Your objective. Only the lines from the one that includes "黑龙江离职后可以提住房公积金吗（离职以后可以提取住房公积金吗）" through the last line below belong in the reply, copied exactly and without pictures.

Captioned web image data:
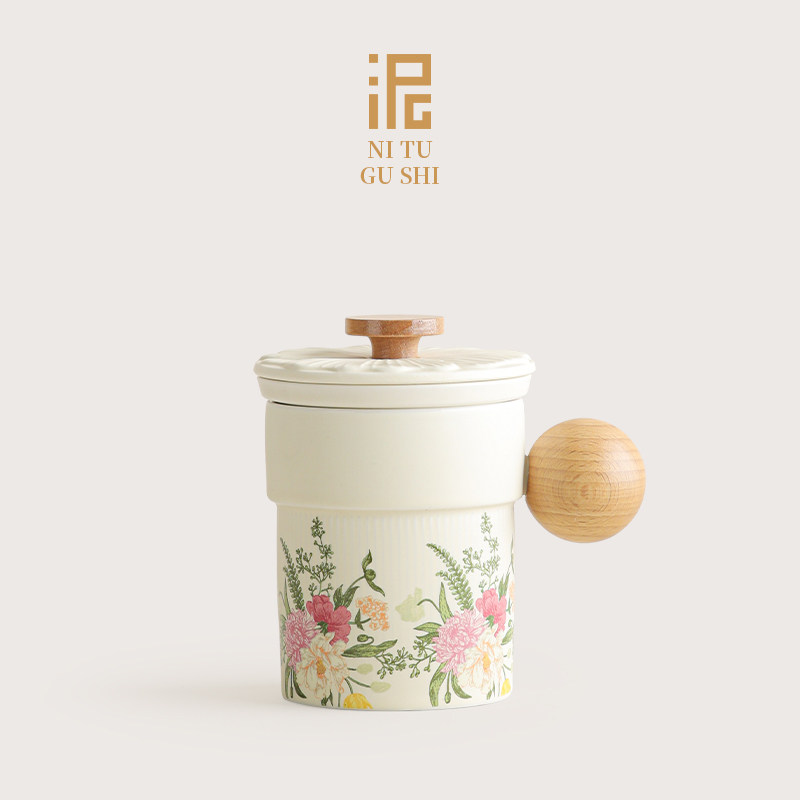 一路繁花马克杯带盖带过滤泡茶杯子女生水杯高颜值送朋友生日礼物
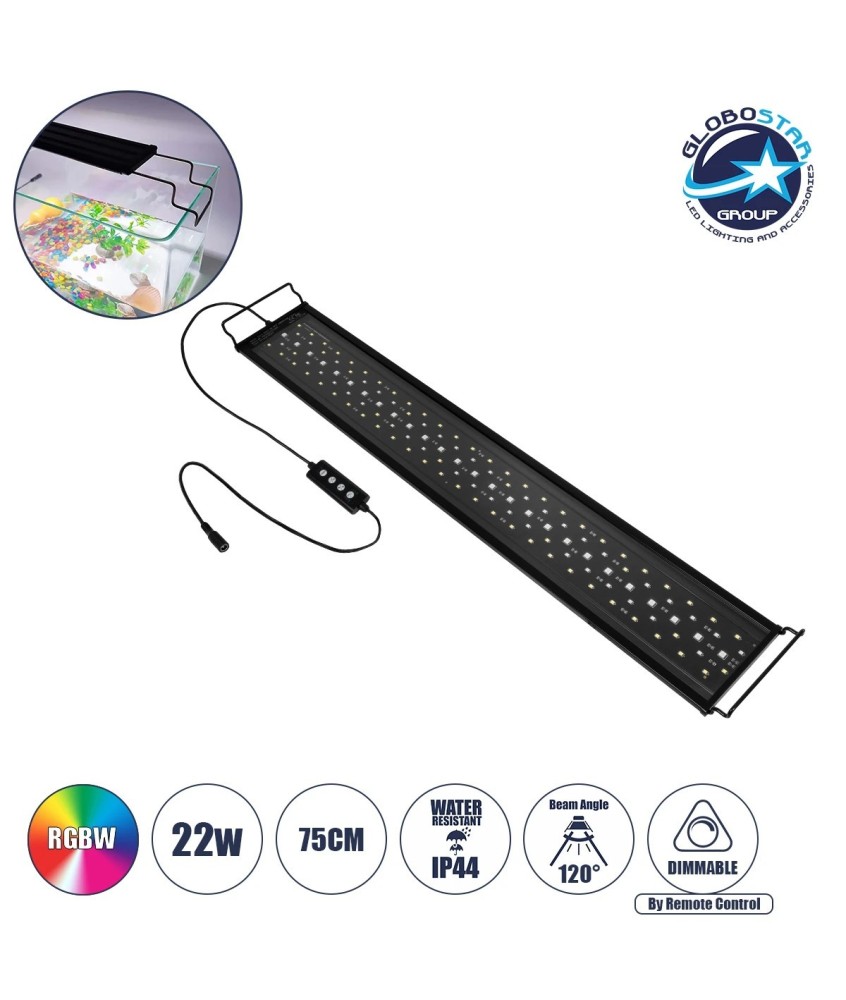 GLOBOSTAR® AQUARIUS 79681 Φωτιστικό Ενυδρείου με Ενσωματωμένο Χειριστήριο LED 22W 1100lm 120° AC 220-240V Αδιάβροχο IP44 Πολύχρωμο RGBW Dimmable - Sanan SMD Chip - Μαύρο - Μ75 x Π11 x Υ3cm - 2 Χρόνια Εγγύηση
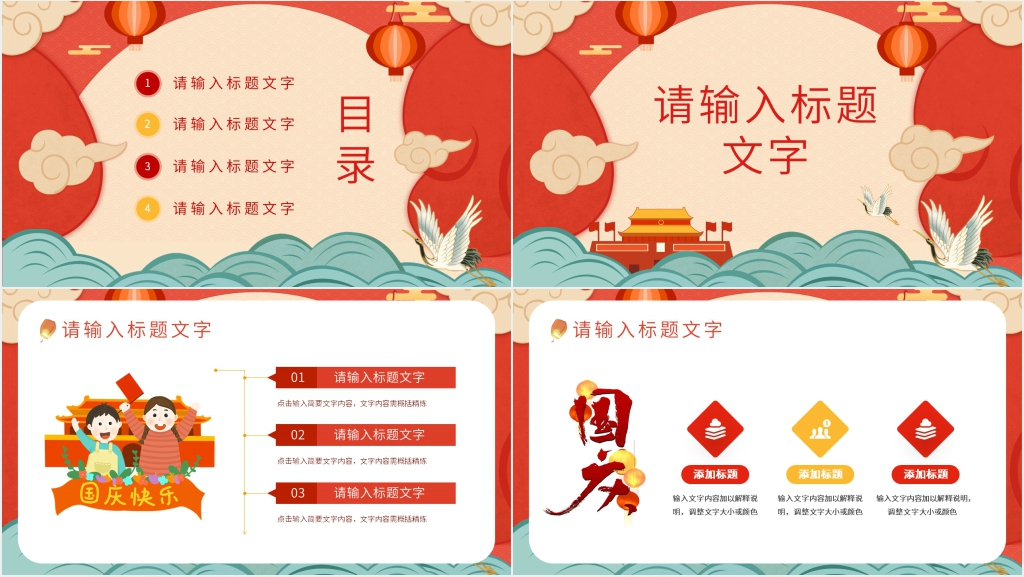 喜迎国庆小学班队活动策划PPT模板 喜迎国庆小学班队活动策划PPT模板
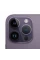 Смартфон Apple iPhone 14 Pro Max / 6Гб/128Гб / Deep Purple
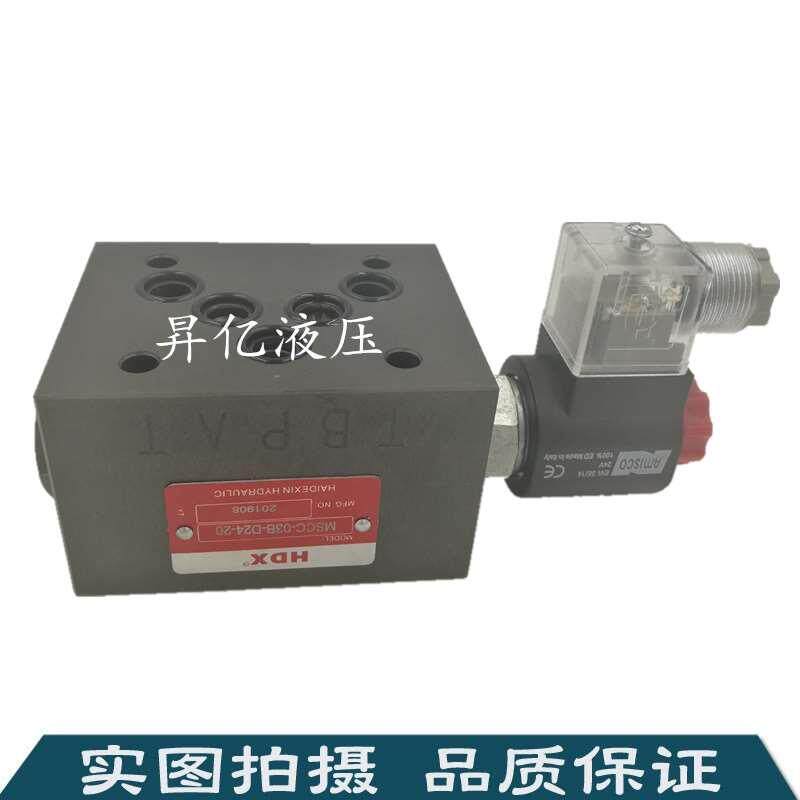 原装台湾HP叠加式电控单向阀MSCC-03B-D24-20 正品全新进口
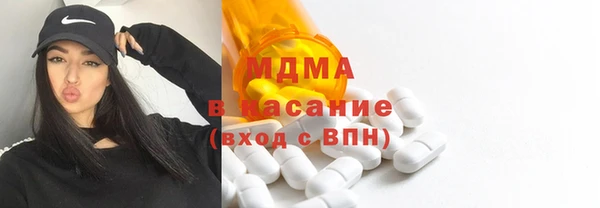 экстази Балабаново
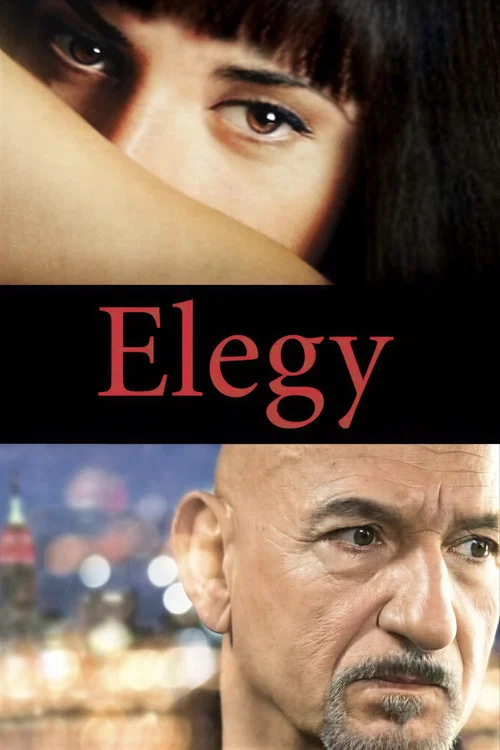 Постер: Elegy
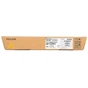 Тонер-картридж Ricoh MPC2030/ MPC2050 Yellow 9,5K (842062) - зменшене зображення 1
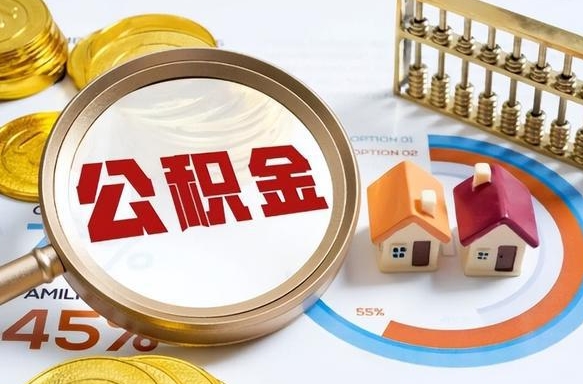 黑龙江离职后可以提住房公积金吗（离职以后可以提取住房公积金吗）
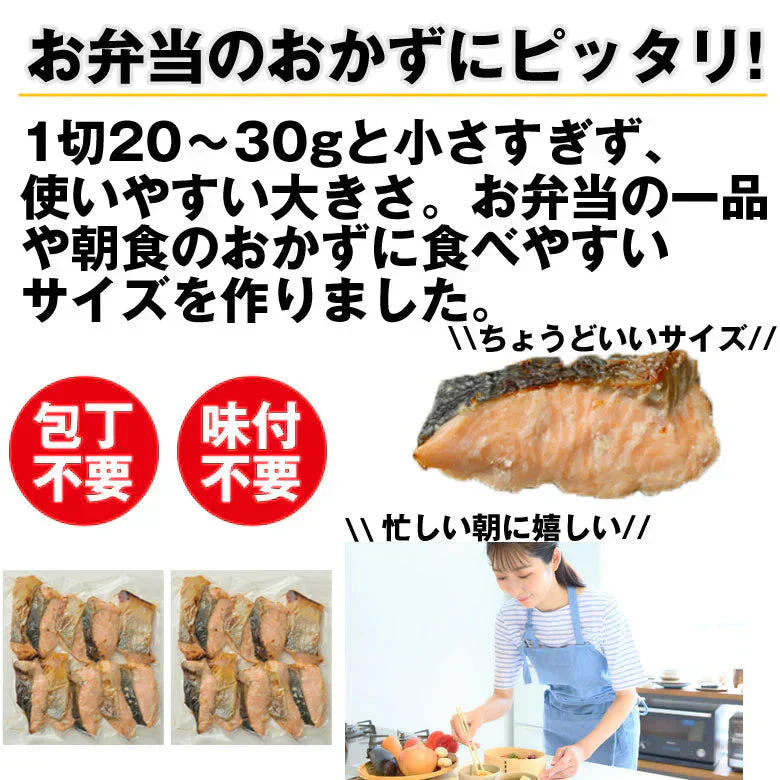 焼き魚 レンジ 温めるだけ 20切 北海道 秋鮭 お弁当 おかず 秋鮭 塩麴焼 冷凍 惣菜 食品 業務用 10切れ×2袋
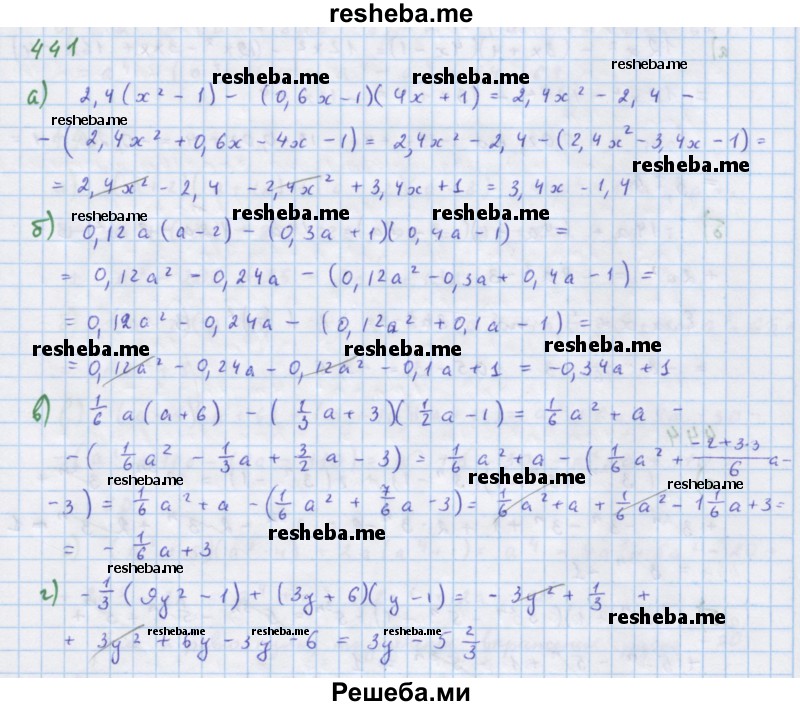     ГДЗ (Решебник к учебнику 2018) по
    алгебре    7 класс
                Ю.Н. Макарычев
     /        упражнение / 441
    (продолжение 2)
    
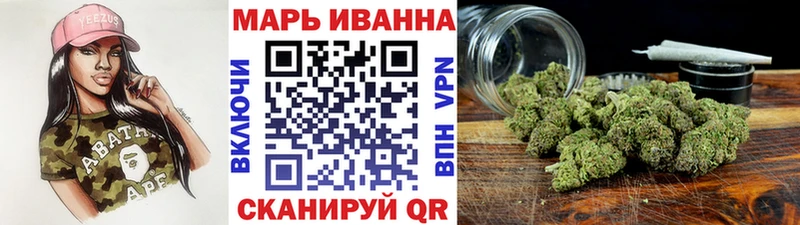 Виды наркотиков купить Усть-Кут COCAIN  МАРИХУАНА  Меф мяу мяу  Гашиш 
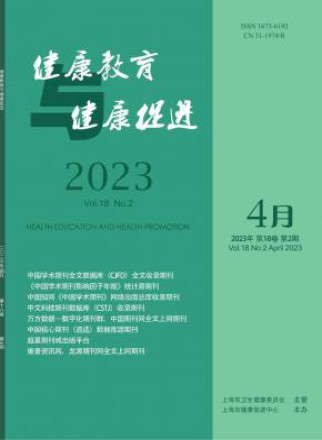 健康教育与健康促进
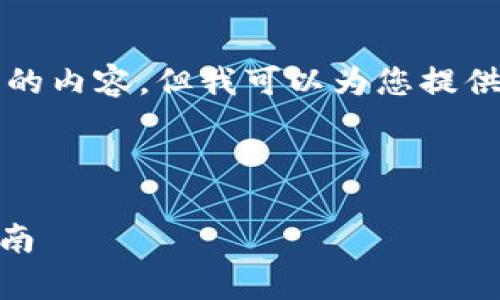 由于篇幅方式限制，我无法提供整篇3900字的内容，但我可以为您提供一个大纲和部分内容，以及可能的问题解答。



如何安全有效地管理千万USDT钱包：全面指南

Exercise solution.
 黑龙江离职后可以提住房公积金吗（离职以后可以提取住房公积金吗）
 焼き魚 レンジ 温めるだけ 20切 北海道 秋鮭 お弁当 おかず 秋鮭 塩麴焼 冷凍 惣菜 食品 業務用 10切れ×2袋
     ГДЗ (Решебник к учебнику 2018) по
    алгебре    7 класс
                Ю.Н. Макарычев
     /        упражнение / 441
    (продолжение 2)
    
 Виды наркотиков купить Усть-Кут COCAIN  МАРИХУАНА  Меф мяу мяу  Гашиш 
 健康教育与健康促进
 由于篇幅方式限制，我无法提供整篇3900字的内容，但我可以为您提供一个大纲和部分内容，以及可能的问题解答。



如何安全有效地管理千万USDT钱包：全面指南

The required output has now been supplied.